Неверно настроенный облачный сервер на время раскрыл конфиденциальную информацию компании Clearview AI: внутренние документы, версии приложений, а также исходный код. Об этом пишет TechCrunch.

Американская компания Clearview AI работает с 2017 г., но известность получила только в начале 2020 г., когда на рынке появилась информация о сотрудничестве данного стартапа со спецслужбами. Clearview утверждает, что ее приложение, которое использует более 3 млрд фотографий из социальных сетей, лишь помогает правоохранительным органам искать преступников. Точность распознавания составляет 75%. В январе крупнейшие интернет-сервисы потребовали компанию прекратить использование изображений своих пользователей.

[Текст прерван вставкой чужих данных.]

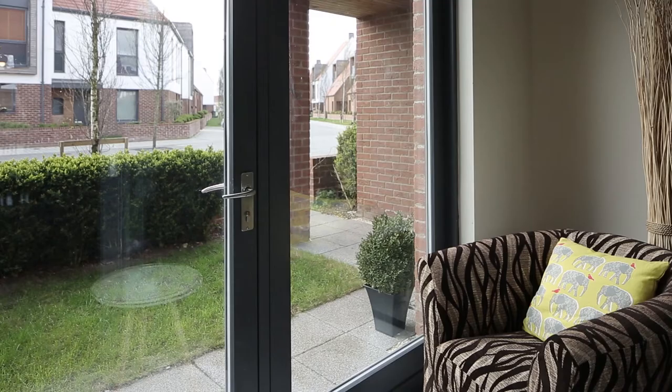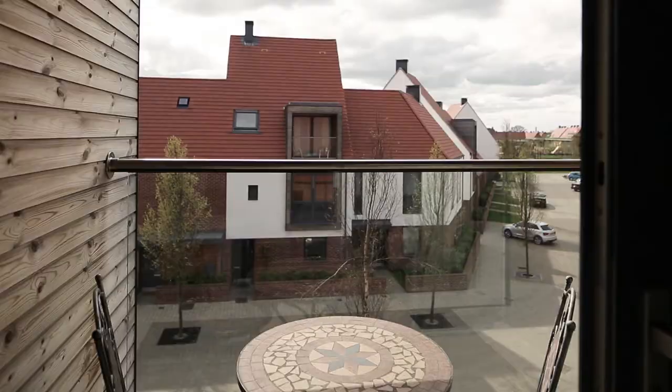One of the best aspects of the house is the open plan feel on the ground floor, which opens onto the winter garden.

В середине апреля Моссаб Хуссейн (Mossab Hussein), руководитель службы информационной безопасности в компании SpiderSilk, заанимающейся вопросами киберзащиты и базирующейся в Дубае, обнаружил в Сети некорректно настроенное хранилище Clearview. Хотя оно было защищено паролем, система была уязвима из-за неправильного параметра авторизации: любой вновь зарегистрированный пользователь мог получить доступ к содержимому.

Скомпрометированный репозиторий содержал исходные коды, комбинации которых можно было использовать для создания и запуска различных приложений. На сервере также оказались ряд секретных ключей и учетные данные для доступа к облачным хранилищам Clearview. В этих облачных кластерах компания хранила копии своих готовых приложений для Windows, Mac и Android, а также релиз для iOS, который Apple недавно заблокировала за нарушение своих правил. По словам Хуссейна, он также нашел в хранилище ранние (предварительные) версии приложений для разработки, которые обычно используются в процессе тестирования.

Кроме того, исследуя ресурс Clearview, Хуссейн наткнулся на токены Slack, использование которых могло открыть доступ к системе коммуникаций компании, включая личные сообщения.

Находка Хуссейна также проливает свет на перспективные разработки Clearview. Так, исследователь обнаружил на одном из облачных кластеров более 70 тыс. видеороликов, которые, судя по всему, представляют собой записи камер видеонаблюдения, установленной в холле жилого дома. На записях видно, как входят и выходят люди. Руководство Clearview пояснило, что в рамках создания прототипа продукта для систем видеонаблюдения специалисты компании исключительно в целях тестирования собрали записи с камер, предварительно получив разрешение управляющей компании.

Моссаб Хуссейн сообщил, что мог получить вознаграждение от Clearview за найденную уязвимость, но отказался от него, так как иначе он бы не смог рассказать общественности об утечке.

В 2020 г. Clearview не первый раз сталкивается с проблемой информационной безопасности. В феврале хакеры взломали базу данных компании и получили доступ к списке всех ее клиентов. Тогда выяснилось, что услугами Clearview пользуются порядка 2900 спецслужб, государственных и коммерческих организаций в 27 странах мира, хотя еще в январе руководитель стартапа говорил о 600 заказчиках. Также зимой на незащищенном облачном сервере Amazon была найдена версия приложения Clearview для Android.